ABOUT THIS EXERCISE: Of all the entries below, retype only the lines from the one with "12x Starburst Cherry" through the one with "SHOW OF STRENGTH (XXXL)", exactly as they appear.
*** INFORMATION GIVEN Section Begins ***
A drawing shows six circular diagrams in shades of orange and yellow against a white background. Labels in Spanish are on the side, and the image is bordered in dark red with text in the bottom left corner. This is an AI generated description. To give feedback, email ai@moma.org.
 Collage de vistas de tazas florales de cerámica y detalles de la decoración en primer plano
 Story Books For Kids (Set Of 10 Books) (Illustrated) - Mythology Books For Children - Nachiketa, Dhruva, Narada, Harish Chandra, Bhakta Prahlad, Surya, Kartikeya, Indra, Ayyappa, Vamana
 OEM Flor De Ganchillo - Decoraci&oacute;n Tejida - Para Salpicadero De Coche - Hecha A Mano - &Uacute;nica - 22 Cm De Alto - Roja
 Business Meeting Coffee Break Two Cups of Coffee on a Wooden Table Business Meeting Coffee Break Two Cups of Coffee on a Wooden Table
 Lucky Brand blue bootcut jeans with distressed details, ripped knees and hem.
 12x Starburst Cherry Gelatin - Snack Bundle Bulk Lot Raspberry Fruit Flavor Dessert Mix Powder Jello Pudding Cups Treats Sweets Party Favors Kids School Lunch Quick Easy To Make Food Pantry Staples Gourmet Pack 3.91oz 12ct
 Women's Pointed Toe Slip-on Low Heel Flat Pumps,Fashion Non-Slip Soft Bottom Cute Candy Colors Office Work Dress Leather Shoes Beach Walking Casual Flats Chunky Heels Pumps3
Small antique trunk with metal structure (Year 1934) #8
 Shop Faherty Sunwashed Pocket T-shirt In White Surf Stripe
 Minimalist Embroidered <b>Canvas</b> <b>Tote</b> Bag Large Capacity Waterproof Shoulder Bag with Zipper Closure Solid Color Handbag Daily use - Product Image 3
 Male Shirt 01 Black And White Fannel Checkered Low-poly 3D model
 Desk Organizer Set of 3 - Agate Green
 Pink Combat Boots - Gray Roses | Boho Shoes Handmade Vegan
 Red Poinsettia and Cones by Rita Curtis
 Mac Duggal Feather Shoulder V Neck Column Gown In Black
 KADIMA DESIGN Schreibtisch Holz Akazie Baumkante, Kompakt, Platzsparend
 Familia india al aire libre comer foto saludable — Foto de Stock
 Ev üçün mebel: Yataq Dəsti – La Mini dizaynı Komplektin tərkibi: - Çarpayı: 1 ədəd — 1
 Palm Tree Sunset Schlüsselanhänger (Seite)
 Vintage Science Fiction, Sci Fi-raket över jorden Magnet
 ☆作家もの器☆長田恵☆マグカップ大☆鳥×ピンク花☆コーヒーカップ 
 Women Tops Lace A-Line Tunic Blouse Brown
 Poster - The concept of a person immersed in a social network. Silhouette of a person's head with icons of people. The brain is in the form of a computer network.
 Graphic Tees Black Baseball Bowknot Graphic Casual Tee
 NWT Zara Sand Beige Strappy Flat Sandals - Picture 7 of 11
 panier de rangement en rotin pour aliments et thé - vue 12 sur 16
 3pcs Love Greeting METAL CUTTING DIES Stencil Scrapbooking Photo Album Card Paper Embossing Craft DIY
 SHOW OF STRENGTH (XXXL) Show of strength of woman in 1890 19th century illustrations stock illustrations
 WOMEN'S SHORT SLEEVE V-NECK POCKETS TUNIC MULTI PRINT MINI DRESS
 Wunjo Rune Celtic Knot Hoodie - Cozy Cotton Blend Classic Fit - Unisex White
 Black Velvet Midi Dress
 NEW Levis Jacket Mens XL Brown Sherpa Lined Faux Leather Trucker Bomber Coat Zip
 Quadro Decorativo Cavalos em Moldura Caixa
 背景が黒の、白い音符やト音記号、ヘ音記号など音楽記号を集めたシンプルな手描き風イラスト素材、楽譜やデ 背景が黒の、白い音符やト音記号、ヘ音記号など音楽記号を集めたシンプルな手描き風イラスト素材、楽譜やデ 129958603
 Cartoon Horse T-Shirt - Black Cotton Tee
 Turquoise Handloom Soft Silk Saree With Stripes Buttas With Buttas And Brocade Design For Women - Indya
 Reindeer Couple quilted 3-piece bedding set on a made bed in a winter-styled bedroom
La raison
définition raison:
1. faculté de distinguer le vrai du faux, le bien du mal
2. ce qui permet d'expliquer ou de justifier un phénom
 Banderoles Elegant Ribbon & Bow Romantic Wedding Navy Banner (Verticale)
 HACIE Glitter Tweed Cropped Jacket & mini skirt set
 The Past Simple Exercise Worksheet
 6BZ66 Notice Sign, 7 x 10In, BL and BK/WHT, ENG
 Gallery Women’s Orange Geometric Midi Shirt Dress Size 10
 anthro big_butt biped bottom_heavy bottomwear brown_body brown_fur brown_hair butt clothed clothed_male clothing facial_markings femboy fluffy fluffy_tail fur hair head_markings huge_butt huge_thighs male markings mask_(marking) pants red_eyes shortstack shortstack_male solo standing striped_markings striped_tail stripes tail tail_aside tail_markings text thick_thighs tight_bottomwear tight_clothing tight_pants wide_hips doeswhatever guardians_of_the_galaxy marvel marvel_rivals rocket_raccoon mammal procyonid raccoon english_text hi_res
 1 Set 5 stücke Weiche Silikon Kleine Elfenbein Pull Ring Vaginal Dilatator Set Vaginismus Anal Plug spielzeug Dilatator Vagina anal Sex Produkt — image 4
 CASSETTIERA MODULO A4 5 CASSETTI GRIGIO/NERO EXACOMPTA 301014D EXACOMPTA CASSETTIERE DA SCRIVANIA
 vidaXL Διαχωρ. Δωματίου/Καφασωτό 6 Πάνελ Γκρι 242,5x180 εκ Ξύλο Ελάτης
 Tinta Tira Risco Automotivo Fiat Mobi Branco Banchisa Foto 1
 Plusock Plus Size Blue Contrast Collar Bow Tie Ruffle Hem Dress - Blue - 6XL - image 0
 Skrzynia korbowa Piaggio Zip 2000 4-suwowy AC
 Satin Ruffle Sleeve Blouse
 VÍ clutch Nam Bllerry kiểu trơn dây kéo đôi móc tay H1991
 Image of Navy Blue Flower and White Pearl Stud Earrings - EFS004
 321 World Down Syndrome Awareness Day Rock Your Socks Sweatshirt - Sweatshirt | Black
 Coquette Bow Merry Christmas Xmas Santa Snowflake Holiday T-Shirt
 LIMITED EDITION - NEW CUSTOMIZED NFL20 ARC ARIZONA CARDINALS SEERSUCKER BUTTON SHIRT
*** INFORMATION GIVEN Section Ends ***
TASK OUTPUT:
 12x Starburst Cherry Gelatin - Snack Bundle Bulk Lot Raspberry Fruit Flavor Dessert Mix Powder Jello Pudding Cups Treats Sweets Party Favors Kids School Lunch Quick Easy To Make Food Pantry Staples Gourmet Pack 3.91oz 12ct
 Women's Pointed Toe Slip-on Low Heel Flat Pumps,Fashion Non-Slip Soft Bottom Cute Candy Colors Office Work Dress Leather Shoes Beach Walking Casual Flats Chunky Heels Pumps3
Small antique trunk with metal structure (Year 1934) #8
 Shop Faherty Sunwashed Pocket T-shirt In White Surf Stripe
 Minimalist Embroidered <b>Canvas</b> <b>Tote</b> Bag Large Capacity Waterproof Shoulder Bag with Zipper Closure Solid Color Handbag Daily use - Product Image 3
 Male Shirt 01 Black And White Fannel Checkered Low-poly 3D model
 Desk Organizer Set of 3 - Agate Green
 Pink Combat Boots - Gray Roses | Boho Shoes Handmade Vegan
 Red Poinsettia and Cones by Rita Curtis
 Mac Duggal Feather Shoulder V Neck Column Gown In Black
 KADIMA DESIGN Schreibtisch Holz Akazie Baumkante, Kompakt, Platzsparend
 Familia india al aire libre comer foto saludable — Foto de Stock
 Ev üçün mebel: Yataq Dəsti – La Mini dizaynı Komplektin tərkibi: - Çarpayı: 1 ədəd — 1
 Palm Tree Sunset Schlüsselanhänger (Seite)
 Vintage Science Fiction, Sci Fi-raket över jorden Magnet
 ☆作家もの器☆長田恵☆マグカップ大☆鳥×ピンク花☆コーヒーカップ 
 Women Tops Lace A-Line Tunic Blouse Brown
 Poster - The concept of a person immersed in a social network. Silhouette of a person's head with icons of people. The brain is in the form of a computer network.
 Graphic Tees Black Baseball Bowknot Graphic Casual Tee
 NWT Zara Sand Beige Strappy Flat Sandals - Picture 7 of 11
 panier de rangement en rotin pour aliments et thé - vue 12 sur 16
 3pcs Love Greeting METAL CUTTING DIES Stencil Scrapbooking Photo Album Card Paper Embossing Craft DIY
 SHOW OF STRENGTH (XXXL) Show of strength of woman in 1890 19th century illustrations stock illustrations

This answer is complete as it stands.